- Opening Delimiter -
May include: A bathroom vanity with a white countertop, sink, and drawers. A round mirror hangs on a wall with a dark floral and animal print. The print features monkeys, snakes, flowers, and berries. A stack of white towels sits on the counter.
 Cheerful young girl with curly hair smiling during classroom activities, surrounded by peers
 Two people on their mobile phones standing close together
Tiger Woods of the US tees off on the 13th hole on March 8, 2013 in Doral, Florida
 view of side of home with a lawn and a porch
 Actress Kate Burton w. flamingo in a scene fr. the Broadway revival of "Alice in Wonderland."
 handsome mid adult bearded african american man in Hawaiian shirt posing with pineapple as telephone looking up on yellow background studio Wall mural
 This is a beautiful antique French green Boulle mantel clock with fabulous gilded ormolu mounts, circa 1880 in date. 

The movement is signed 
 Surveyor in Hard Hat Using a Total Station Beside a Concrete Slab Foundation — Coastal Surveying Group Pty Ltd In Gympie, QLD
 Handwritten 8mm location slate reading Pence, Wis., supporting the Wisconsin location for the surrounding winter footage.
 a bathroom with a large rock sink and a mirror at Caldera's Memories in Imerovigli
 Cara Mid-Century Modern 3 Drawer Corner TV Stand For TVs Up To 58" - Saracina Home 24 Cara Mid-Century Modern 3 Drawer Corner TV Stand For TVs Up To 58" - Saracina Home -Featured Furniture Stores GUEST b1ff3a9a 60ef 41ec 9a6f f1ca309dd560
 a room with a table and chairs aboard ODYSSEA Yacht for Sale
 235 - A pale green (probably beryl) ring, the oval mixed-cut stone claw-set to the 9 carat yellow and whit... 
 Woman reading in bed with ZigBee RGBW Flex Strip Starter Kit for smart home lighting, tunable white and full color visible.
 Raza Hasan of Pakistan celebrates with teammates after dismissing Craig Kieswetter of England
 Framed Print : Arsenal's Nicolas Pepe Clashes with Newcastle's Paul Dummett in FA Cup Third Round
- Closing Delimiter -
_Prompt:_
Extract from the material all lines containing the string "mirror".

_Your response:_
May include: A bathroom vanity with a white countertop, sink, and drawers. A round mirror hangs on a wall with a dark floral and animal print. The print features monkeys, snakes, flowers, and berries. A stack of white towels sits on the counter.
 a bathroom with a large rock sink and a mirror at Caldera's Memories in Imerovigli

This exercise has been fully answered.